Cicero’s emphasis on versatility suggests a key distinction: in common with all the ancient rhetoricians, he thought of style as one of several arrows in the orator’s quiver, rather than as a distinctive and distinguishing personal means of expression. There was indeed such a manifestation of the speaker’s ethos, or moral character—but it was best seen in another one of the five faculties: delivery, or the performance of the speech. A Renaissance treatise on classical oratory (Thomas Wilson’s The Art of Rhetorique) recounted that Demosthenes, when “asked what was the chiefest point in all Oratorie, gave the chief and only praise to Pronunciation; being demanded, what was the second, and the third, he still made no other answer till they left asking, declaring hereby, that art without utteraunce can do nothing, utteraunce without art can do right much.” So to Demosthenes, the three most important things in oratory were locution, locution, and locution.
Style, as it has commonly been perceived in the modern world, and as it is perceived in this book, is closely related to the classical idea of delivery. In reading strong stylists, one “hears” their cadences, one senses their ethos. That recognition has to do with more than the choice and arrangement of words. Voice is the most popular metaphor for writing style, but an equally suggestive one may be delivery or presentation, as it includes body language, facial expression, stance, and other qualities that set speakers apart from one another.
These are figures of speech now, but once they were literal. Today, texts are written and published and then sent to a global metaphorical library, where readers pluck them from the shelves and read in silence. In the ancient world, a written text was like a play script: only in performance did the words come to life. Silent reading took a long time to become the dominant mode. It was still a rarity in the fourth century AD, when Augustine was surprised by the way Ambrose (the bishop of Milan and another future saint) consumed a book: “When he read, his eyes scanned the page and his heart sought out the meaning, but his voice was silent and his tongue was still. Anyone could approach him freely and guests were not commonly announced, so that often, when we came to visit him, we found him reading like this in silence, for he never read aloud.”

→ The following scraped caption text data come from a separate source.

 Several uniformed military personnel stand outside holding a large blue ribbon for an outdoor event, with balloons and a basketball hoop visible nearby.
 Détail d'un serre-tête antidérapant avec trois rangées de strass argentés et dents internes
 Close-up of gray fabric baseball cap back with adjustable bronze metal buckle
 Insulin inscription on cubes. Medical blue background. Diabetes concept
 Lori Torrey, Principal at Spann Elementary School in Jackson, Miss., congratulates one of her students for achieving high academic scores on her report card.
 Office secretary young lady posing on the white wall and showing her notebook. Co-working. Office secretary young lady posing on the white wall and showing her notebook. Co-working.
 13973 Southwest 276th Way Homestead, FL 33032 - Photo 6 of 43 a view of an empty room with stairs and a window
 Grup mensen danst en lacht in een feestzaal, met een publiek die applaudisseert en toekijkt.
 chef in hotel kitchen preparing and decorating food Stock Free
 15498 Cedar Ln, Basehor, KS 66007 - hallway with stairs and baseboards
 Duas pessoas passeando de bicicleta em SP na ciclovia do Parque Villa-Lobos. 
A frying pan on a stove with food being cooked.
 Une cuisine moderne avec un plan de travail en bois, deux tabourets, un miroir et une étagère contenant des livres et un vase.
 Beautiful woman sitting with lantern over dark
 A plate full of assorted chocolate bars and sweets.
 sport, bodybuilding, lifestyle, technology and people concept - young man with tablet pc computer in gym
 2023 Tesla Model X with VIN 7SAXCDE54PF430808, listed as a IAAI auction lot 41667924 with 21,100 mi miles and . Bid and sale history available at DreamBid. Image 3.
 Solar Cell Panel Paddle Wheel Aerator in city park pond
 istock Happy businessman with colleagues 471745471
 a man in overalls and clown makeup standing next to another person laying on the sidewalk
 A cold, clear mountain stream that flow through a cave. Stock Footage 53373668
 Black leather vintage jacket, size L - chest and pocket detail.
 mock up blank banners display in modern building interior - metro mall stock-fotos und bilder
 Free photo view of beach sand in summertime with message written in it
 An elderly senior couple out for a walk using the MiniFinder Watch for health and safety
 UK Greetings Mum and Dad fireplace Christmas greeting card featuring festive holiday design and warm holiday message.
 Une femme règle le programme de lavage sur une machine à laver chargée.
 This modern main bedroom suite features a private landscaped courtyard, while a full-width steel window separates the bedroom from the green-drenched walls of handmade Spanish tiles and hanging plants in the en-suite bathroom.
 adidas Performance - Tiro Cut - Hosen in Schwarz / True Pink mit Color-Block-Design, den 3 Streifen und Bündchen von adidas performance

In the Middle Ages, writing was a craft, one involving not composition but inscription: anonymous scribes copied classic or religious texts, along the way employing their own individual style—the shape of a letter or a characteristic flourish. Then, in a span of about 100 years in the fourteenth and fifteenth centuries, a series of cosmic changes occurred. There appeared on the scene “authors,” such as Dante, Petrarch, and Chaucer, who were anything but anonymous and part of whose vocation was to express the glory not just of God but of themselves. Equally radically, they set down their words in the vernacular languages—English, Italian, French—instead of Latin. In 1440, Gutenberg invented the printing press, and the wide distribution of books that resulted meant a change in the character of texts: they could and would be read silently, not listened to. And that development had a bearing on the general understanding of style. With words now confined to books’ pages—not necessarily alive and resonating in the marketplace, square, or church—ethos, emotion, irony, and meaning itself could no longer be expressed through delivery. And so it followed that writers began to pack more figurative language and rhetorical devices—more style, in the generic, rather than personal, meaning of the word—into the choice and arrangement of words.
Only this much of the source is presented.